Mme la députée de Saint-Laurent, pour la
lecture de votre amendement, s'il vous plaît.
Mme Rizqy : Merci, Mme
la Présidente. Donc : L'article 1 tel qu'amendé, introduit l'article 1
du projet de loi est modifié par l'ajout,
dans le premier alinéa, après les mots «de
qualité» des mots «, d'accessibilité universelle».
L'article modifié se lirait ainsi... Avec
le consentement, je vais simplement lire l'article 4, alinéa 1 :
«Mobilité Infra Québec a pour mission
principale d'effectuer, dans une perspective de renforcement du savoir-faire de
l'État, de qualité, d'accessibilité universelle et de mobilité durable, lorsque
le gouvernement lui en confie la responsabilité, l'analyse d'opportunité, la
planification ou la réalisation de projets complexes de transport.»

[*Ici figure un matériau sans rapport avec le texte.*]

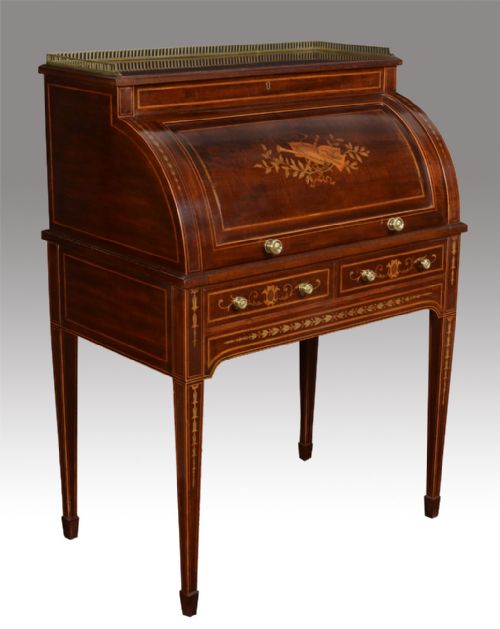 Victorian Mahogany Inlaid Cylinder Desk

La Présidente (Mme Maccarone) :
Merci. Y a-t-il des interventions? Je vois qu'il n'y a pas d'intervention,
alors nous allons passer à la mise aux voix. Vote par appel nominal, Mme la
secrétaire.
La Secrétaire : Pour, contre,
abstention.
Mme Rizqy (Saint-Laurent)?
Mme Rizqy : Pour.
La Secrétaire : Mme Guilbault
(Louis-Hébert)?
Des voix : ...
La Présidente (Mme Maccarone) :
Mme la ministre, votre vote?
Mme Guilbault :Pour.
La Secrétaire : M. Lemay
(Masson)?
M. Lemay : Pour.
La Secrétaire : M. Provençal
(Beauce-Nord)?
M. Provençal : Pour.
La Secrétaire : M. Lamothe
(Ungava)?
M. Lamothe : Pour.
La Secrétaire : M. St-Louis
(Joliette)?
M. St-Louis : Pour.
La Secrétaire : M. Bernard
(Rouyn-Noranda—Témiscamingue)?
M. Bernard : Pour.
La Secrétaire : M. Grandmont
(Taschereau)?
M. Grandmont : Pour.
La Secrétaire : M. Arseneau
(Îles-de-la-Madeleine)?
M. Arseneau : Pour.
La Secrétaire : Mme Maccarone
(Westmount—Saint-Louis)?
La Présidente (Mme Maccarone) :
Abstention. Alors, l'amendement est adopté. Je vous remercie tous pour
votre collaboration.
Compte tenu de l'heure, la commission
ajourne ses travaux sine die. Merci.